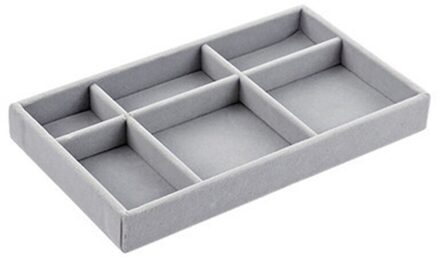 Grijs Stapelbaar Fluwelen Sieraden Trays Organisator Opslag Display Trays Voor Lade Earring Ketting Armband Organiseren Opbergdoos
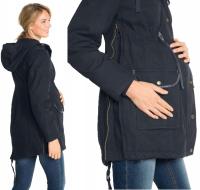 CZARNA PARKA CIĄŻOWA Z MIĘKKĄ PODSZEWKĄ Z POLARU ZAMKI PO BOKACH S/36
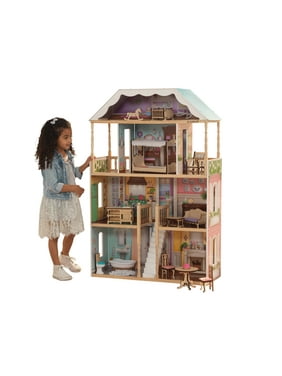 KidKraft Wooden Charlotte Dollhouse with EZ Kraft Assembly with 14 Accessories Included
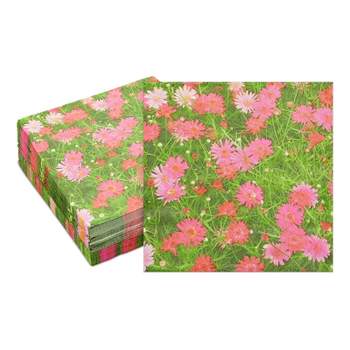 Juvale 100 Pack Pink Daisy Floral Disposable Luncheon Paper Napkins 6.5" for Birthday Summer Party Decorations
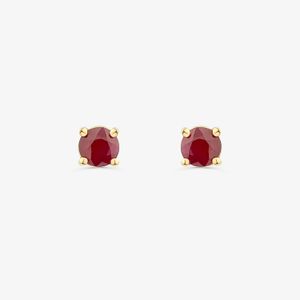 Brinco Stud com Rubi em Ouro Amarelo 18K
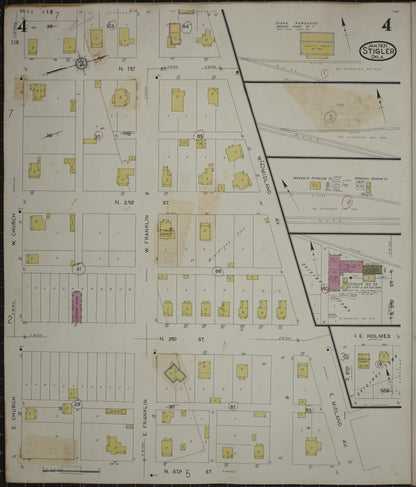 Sanborn Fire Insurance Map from Stigler, Haskell County, Oklahoma (1941), Sheet #0004 - Complete Map Set gallery image, historic Sanborn map, vintage wall art, Oklahoma Oklahoma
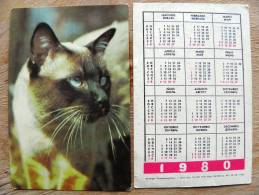 Small Calendar From USSR Latvia 1980, Cat - Kleinformat : 1971-80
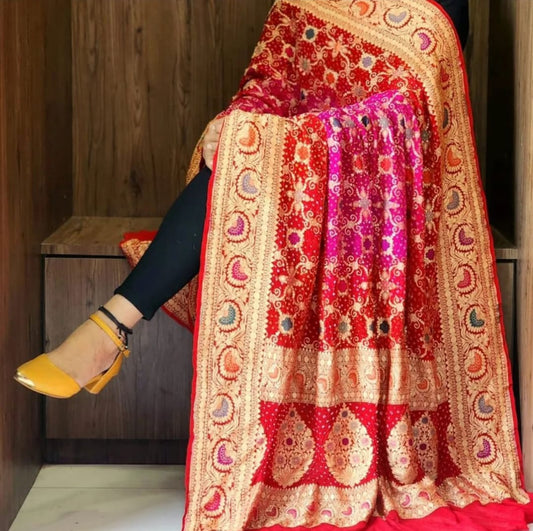 Pure Khaddi Georgette Meenakari Bandhj Duptta Kcpc Or Pink Red Dupatta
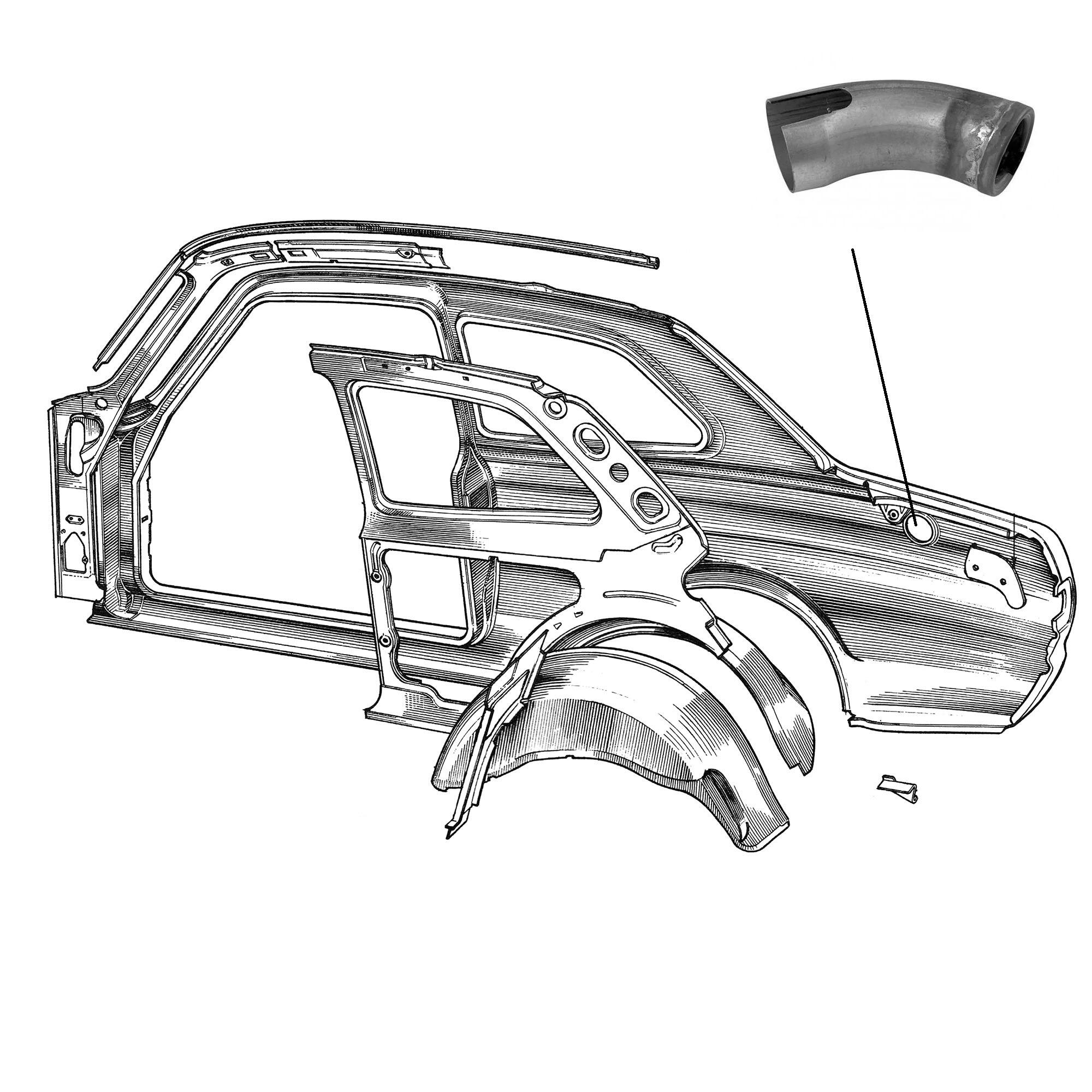 Ford Escort Mark 1 fuel tank filler neck classic restoration part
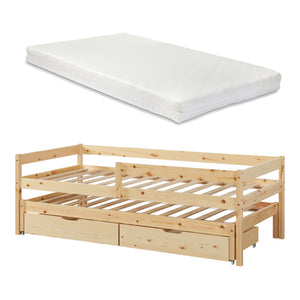 Doppel-Kinderbett Sonkajärvi mit Matratze 90x200cm Natur [en.casa]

------------------------

Lines from the one with "Sanborn Fire Insurance" through the final line of the listing above: copy them exactly, both ends included, and omit every picture.

 Sanborn Fire Insurance Map from Stigler, Haskell County, Oklahoma (1941), Sheet #0004 - Complete Map Set gallery image, historic Sanborn map, vintage wall art, Oklahoma Oklahoma
 Small Calendar From USSR Latvia 1980, Cat - Kleinformat : 1971-80
 Pure Khaddi Georgette Meenakari Bandhj Duptta Kcpc Or Pink Red Dupatta
 Ford Escort Mark 1 fuel tank filler neck classic restoration part
 Doppel-Kinderbett Sonkajärvi mit Matratze 90x200cm Natur [en.casa]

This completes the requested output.